# Given data:

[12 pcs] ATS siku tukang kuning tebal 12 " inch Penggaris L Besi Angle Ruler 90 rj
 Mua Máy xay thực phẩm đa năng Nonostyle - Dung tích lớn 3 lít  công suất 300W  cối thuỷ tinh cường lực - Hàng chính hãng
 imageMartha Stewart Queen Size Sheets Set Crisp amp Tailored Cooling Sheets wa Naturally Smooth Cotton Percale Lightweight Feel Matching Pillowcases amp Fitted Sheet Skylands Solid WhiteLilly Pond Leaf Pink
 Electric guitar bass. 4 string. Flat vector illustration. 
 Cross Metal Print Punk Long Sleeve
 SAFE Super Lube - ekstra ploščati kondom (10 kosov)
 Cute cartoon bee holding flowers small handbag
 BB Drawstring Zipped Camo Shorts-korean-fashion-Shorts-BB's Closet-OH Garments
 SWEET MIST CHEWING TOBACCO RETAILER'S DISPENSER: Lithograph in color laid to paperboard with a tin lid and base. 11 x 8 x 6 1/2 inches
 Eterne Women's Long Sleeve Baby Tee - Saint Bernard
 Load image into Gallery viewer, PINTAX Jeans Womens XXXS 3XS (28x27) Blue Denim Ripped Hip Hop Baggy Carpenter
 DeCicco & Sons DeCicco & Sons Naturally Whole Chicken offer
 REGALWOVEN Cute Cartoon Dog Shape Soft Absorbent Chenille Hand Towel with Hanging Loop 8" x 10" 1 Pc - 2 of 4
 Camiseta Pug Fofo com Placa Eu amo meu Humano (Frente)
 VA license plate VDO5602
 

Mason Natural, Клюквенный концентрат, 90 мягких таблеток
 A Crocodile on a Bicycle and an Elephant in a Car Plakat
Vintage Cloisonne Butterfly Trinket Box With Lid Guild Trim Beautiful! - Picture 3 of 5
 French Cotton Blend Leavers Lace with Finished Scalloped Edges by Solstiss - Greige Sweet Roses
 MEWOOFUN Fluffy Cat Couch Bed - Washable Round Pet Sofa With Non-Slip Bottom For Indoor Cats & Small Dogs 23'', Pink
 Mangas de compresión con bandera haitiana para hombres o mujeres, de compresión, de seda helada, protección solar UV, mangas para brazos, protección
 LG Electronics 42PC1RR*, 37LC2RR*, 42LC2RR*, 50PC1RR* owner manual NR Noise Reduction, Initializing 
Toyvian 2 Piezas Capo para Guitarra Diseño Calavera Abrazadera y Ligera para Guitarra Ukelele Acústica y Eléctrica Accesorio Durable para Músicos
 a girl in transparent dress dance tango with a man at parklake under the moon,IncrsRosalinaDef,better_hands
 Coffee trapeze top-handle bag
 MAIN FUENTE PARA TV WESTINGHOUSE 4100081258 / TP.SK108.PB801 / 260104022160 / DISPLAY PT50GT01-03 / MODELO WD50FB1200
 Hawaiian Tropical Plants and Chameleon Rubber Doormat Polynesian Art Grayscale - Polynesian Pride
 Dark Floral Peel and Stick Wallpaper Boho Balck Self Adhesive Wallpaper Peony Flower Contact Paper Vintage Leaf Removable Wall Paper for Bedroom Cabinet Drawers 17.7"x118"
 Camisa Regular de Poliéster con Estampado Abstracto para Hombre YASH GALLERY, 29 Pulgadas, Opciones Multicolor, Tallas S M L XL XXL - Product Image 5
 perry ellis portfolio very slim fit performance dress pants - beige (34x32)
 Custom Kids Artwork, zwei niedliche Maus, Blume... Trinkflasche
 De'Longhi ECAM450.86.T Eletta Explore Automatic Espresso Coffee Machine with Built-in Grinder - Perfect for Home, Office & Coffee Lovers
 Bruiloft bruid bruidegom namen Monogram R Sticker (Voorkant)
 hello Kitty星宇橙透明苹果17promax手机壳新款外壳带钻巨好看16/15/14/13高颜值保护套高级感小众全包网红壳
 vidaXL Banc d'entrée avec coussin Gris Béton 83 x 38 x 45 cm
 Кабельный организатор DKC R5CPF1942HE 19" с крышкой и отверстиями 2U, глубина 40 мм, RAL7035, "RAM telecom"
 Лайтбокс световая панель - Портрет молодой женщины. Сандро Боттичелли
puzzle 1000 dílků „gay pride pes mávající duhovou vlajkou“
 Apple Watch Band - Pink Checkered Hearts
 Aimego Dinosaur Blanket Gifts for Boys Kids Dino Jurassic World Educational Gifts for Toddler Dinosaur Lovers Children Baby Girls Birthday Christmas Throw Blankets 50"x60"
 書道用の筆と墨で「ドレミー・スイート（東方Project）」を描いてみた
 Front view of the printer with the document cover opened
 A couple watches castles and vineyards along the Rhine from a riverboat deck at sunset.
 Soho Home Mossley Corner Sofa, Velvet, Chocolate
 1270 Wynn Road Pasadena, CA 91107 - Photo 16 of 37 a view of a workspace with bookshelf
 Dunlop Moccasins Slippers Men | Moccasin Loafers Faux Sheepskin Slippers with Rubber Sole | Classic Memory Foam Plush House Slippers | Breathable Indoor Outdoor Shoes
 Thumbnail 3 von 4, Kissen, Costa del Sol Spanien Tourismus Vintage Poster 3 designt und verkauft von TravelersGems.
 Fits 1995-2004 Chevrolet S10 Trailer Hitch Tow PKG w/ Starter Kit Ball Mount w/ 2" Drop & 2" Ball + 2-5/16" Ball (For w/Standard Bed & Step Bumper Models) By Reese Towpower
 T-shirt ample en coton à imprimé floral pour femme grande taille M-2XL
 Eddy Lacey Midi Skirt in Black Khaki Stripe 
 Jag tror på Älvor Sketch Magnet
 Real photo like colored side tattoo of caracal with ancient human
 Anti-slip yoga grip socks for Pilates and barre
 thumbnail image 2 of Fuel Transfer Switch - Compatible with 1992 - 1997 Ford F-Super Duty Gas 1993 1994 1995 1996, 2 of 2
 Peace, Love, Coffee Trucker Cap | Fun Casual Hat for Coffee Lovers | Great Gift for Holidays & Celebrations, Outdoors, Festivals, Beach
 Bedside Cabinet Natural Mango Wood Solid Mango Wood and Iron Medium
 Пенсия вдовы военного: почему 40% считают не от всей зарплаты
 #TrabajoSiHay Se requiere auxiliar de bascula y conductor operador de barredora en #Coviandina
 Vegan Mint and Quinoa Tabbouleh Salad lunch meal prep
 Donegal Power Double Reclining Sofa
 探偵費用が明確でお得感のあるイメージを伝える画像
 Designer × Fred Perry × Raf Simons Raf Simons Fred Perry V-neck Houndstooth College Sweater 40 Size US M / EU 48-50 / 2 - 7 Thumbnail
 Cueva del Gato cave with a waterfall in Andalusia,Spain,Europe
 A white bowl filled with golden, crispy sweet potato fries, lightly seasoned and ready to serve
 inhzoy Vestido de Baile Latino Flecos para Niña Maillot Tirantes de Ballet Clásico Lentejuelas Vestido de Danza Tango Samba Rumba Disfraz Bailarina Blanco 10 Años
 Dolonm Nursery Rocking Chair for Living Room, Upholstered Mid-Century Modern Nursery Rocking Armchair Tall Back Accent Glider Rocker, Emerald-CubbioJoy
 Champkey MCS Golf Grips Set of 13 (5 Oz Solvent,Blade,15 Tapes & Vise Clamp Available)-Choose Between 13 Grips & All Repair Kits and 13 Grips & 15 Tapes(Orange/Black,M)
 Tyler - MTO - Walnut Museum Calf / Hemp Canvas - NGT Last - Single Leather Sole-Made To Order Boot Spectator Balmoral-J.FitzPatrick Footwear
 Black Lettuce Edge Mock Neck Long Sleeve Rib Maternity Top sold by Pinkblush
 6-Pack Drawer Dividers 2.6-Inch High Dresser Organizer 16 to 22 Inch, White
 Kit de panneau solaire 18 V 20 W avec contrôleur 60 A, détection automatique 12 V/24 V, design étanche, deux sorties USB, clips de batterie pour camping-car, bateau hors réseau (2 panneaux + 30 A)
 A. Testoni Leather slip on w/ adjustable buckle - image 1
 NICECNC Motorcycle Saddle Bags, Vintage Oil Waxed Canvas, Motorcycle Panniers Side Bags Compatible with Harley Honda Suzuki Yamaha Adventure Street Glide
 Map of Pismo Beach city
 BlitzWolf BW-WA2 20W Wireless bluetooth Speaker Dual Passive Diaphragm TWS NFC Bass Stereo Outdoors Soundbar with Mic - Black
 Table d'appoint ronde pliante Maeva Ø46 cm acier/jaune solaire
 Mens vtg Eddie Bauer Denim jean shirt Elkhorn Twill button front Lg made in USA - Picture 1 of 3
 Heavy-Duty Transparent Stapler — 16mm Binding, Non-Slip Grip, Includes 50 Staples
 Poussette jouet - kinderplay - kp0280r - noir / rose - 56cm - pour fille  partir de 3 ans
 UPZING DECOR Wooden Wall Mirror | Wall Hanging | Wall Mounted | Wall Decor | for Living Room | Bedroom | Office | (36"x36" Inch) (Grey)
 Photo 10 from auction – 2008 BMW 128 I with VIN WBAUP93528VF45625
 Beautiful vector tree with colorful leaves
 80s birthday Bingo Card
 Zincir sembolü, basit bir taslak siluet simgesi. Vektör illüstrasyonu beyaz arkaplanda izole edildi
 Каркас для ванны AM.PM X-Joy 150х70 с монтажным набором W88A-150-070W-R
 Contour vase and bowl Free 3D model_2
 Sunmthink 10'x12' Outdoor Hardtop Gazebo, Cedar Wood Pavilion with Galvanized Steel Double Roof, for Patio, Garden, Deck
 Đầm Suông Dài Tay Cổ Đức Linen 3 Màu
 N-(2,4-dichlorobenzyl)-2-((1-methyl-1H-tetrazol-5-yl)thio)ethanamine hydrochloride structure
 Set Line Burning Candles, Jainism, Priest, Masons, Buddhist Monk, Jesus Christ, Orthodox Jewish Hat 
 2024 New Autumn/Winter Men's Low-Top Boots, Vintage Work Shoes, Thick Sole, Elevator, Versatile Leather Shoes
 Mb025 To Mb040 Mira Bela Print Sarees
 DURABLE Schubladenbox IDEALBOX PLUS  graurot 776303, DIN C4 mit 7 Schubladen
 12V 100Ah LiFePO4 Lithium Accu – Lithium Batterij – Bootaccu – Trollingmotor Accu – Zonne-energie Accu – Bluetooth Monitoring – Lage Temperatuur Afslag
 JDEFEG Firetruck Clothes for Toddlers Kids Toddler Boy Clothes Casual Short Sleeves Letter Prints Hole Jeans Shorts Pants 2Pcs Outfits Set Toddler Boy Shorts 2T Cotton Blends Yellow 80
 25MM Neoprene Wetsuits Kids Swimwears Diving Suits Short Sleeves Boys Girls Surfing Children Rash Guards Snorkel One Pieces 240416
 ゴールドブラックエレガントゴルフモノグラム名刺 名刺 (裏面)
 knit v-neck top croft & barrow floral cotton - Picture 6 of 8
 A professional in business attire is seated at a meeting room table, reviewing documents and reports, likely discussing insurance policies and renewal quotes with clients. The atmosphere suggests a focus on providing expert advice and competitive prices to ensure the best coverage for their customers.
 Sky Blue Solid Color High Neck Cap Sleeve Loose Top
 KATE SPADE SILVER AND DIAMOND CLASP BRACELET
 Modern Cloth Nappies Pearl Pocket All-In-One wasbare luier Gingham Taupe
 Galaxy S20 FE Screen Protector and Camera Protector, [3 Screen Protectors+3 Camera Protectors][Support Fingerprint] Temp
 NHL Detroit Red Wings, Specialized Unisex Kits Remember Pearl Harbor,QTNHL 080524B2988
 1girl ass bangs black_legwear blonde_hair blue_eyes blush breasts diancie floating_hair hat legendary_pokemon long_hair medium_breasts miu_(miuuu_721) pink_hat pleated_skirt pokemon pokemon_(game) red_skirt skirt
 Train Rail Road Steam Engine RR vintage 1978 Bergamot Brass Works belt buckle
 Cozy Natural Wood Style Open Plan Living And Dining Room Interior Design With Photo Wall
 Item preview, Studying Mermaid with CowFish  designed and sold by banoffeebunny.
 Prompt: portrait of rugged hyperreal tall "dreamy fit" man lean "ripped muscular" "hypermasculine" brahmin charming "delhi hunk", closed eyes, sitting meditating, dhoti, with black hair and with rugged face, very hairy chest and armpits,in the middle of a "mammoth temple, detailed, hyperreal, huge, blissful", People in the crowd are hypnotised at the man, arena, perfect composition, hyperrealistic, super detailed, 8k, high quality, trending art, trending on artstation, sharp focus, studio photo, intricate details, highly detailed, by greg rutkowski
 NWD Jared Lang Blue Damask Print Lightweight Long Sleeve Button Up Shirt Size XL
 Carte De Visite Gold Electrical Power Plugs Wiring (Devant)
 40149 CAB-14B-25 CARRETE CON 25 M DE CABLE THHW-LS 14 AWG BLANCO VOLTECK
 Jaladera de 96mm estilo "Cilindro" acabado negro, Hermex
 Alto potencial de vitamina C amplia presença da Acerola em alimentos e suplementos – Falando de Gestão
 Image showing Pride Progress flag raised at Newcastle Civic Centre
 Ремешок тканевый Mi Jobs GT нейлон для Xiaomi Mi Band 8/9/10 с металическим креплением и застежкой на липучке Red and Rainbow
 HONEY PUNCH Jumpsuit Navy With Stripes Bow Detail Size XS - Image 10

# Task:
Among the records above, repeat exactly the line with "Aimego Dinosaur Blanket", the line with "Eddy Lacey Midi Skirt in Black Khaki Stripe", and every line in between, and only those.

# Task answer:
 Aimego Dinosaur Blanket Gifts for Boys Kids Dino Jurassic World Educational Gifts for Toddler Dinosaur Lovers Children Baby Girls Birthday Christmas Throw Blankets 50"x60"
 書道用の筆と墨で「ドレミー・スイート（東方Project）」を描いてみた
 Front view of the printer with the document cover opened
 A couple watches castles and vineyards along the Rhine from a riverboat deck at sunset.
 Soho Home Mossley Corner Sofa, Velvet, Chocolate
 1270 Wynn Road Pasadena, CA 91107 - Photo 16 of 37 a view of a workspace with bookshelf
 Dunlop Moccasins Slippers Men | Moccasin Loafers Faux Sheepskin Slippers with Rubber Sole | Classic Memory Foam Plush House Slippers | Breathable Indoor Outdoor Shoes
 Thumbnail 3 von 4, Kissen, Costa del Sol Spanien Tourismus Vintage Poster 3 designt und verkauft von TravelersGems.
 Fits 1995-2004 Chevrolet S10 Trailer Hitch Tow PKG w/ Starter Kit Ball Mount w/ 2" Drop & 2" Ball + 2-5/16" Ball (For w/Standard Bed & Step Bumper Models) By Reese Towpower
 T-shirt ample en coton à imprimé floral pour femme grande taille M-2XL
 Eddy Lacey Midi Skirt in Black Khaki Stripe 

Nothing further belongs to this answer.